The plumbing did not go entirely to waste, however. I may have to take my snide comments about Rufus KleinSmidt back. Even as people were farting around with ultrasonics, the USC team was taking a much more basic step: diverting some of FIDO's abundant natural gas flow to a 3,500 foot array of 38 75ft towers, 17 on each side, with a 5000 watt natural gas light on each. It turns out that there was a constituency which had been overlooked in the arguments over ILS and GCA. Pilots wanted to at least start tackling blind landing with good lighting. This really doesn't sound like the way to accomplish that, but it at least reflects some clear thinking about how to go about it, once the authorities were reluctantly persuaded by all those crankish, borderline nutsy-kooky letters in Flight. (And elsewhere, to be sure.) 

So what does this good lighting consist of? Once I figured out what I was looking for, I found some blogs that do a pretty good job of explaining ALS, including this one, from which I stole this picture with pretty lights that probably blink.
The upshot is that a plane approaching an airport along the designated approach route (that "glide path," again), will see a series of lights that, in a very complicated way, will tell the pilot what visibility conditions are, which constrains heights and breakoff points, what those are, where the plane is with respect to them, whether it is over or under height, and so on. 

At least, that's the upshot in a fully developed system. The one that went into Arcata in 1952, after a screaming fight with pilots, was nowhere near so elaborate, and also a "centre line" system, instead of the "slope line" system the experts preferred. I have no idea what that means, but Conway explains that Congress was so upset with the pilots' union that it zeroed out funding for the Arcata project after it was compelled to adopt the pilots' preferred system, in the grounds that if no-one was going to listen to the experts, there was no point in funding investigations. 

I have no idea if that is true, but I do know that the natural gas lines were removed from the scaffolding at Arcata and replaced by Strobeacons by Sylvania, now produced by a Japanese firm, which provides a brief outline at its website in hilariously retro Japlish. Popular Mechanics from 1952 describes the strobe lights, which used massive capacitors to energize xenon gas bulbs, as "shooting fireballs in the sky," guiding planes to safety.  It seems a little odd that we're conceding the invention to Sylvania here, so I'm going to slap a Patent Troll label on this post out of generalised suspicion.
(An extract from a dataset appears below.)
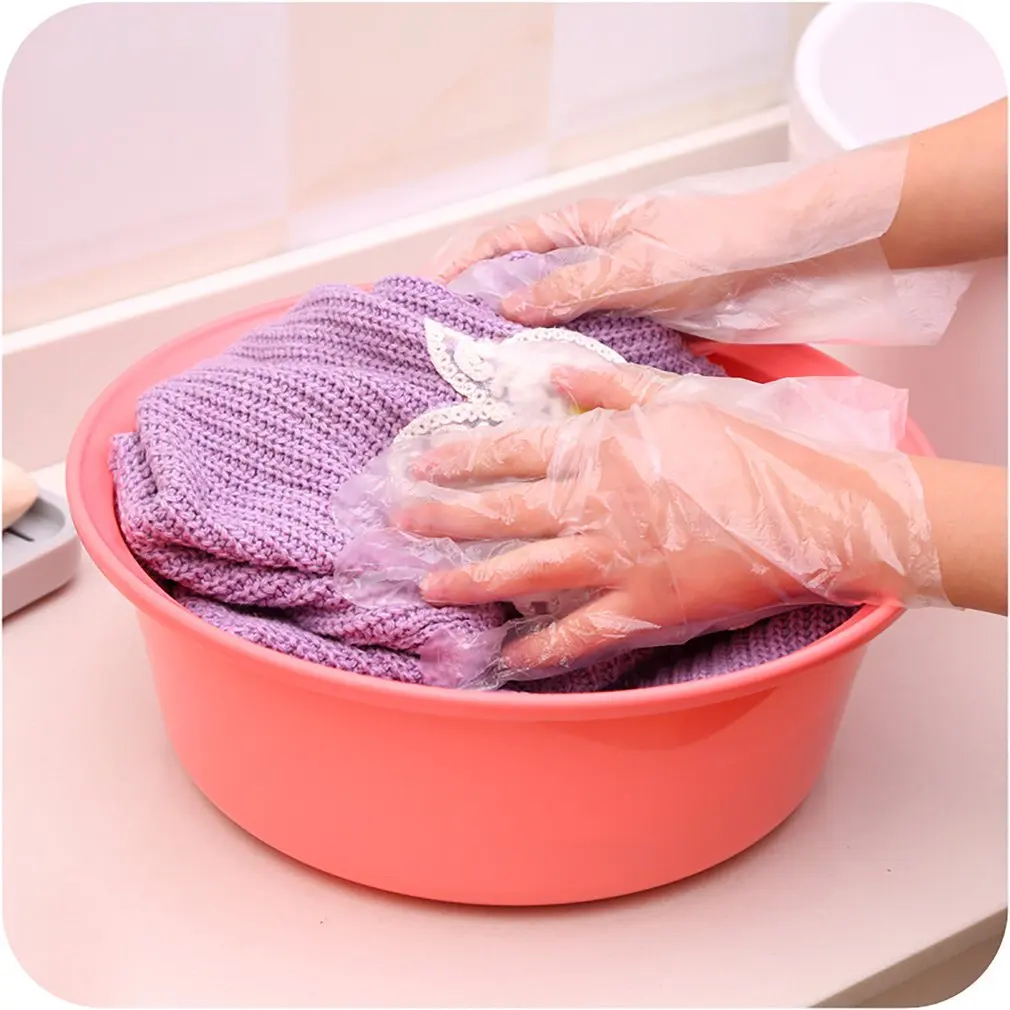 

Disposable Gloves Sanitary Catering Food Grade Household Plastic Film Cleaning Gloves Beauty Hair Dyed Thick Gloves Transparent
Not because it's ended up featuring Rufus KleinSmidt! Maybe I should do a "Horrible self-aggrandisers" tag? 

Back in bucolic northern California, drivers on the distinctly rural-looking "main road" that runs along the Arcata airfield perimeter fence were less impressed. It is possible that their concerns were not taken entirely seriously, given the frightening series of accidents involving planes coming down along the lighted approach routes as the Fifties went on. According to the potted history in the report to the FAA, above, it was not until 1975 that anyone was stirred to contemplating action in response to commuter complaints, and nearly another generation before a team from the FAA arrived to put lampshades on the Strobeacons. (The team calls them "baffles," because that sounds more scientific.) 

There's probably more to be said here. I took a third year course on the physics of illumination. It's an important subject! It also has interesting parallels with problems of sound and a bearing on architectural practice, particularly designing libraries where you can read. And it involves a great deal less math than replacing parcels of sound signals with bandwidth units and reconstituting voice from the resulting signal using a keying signal, or whatever it is that vocoders do.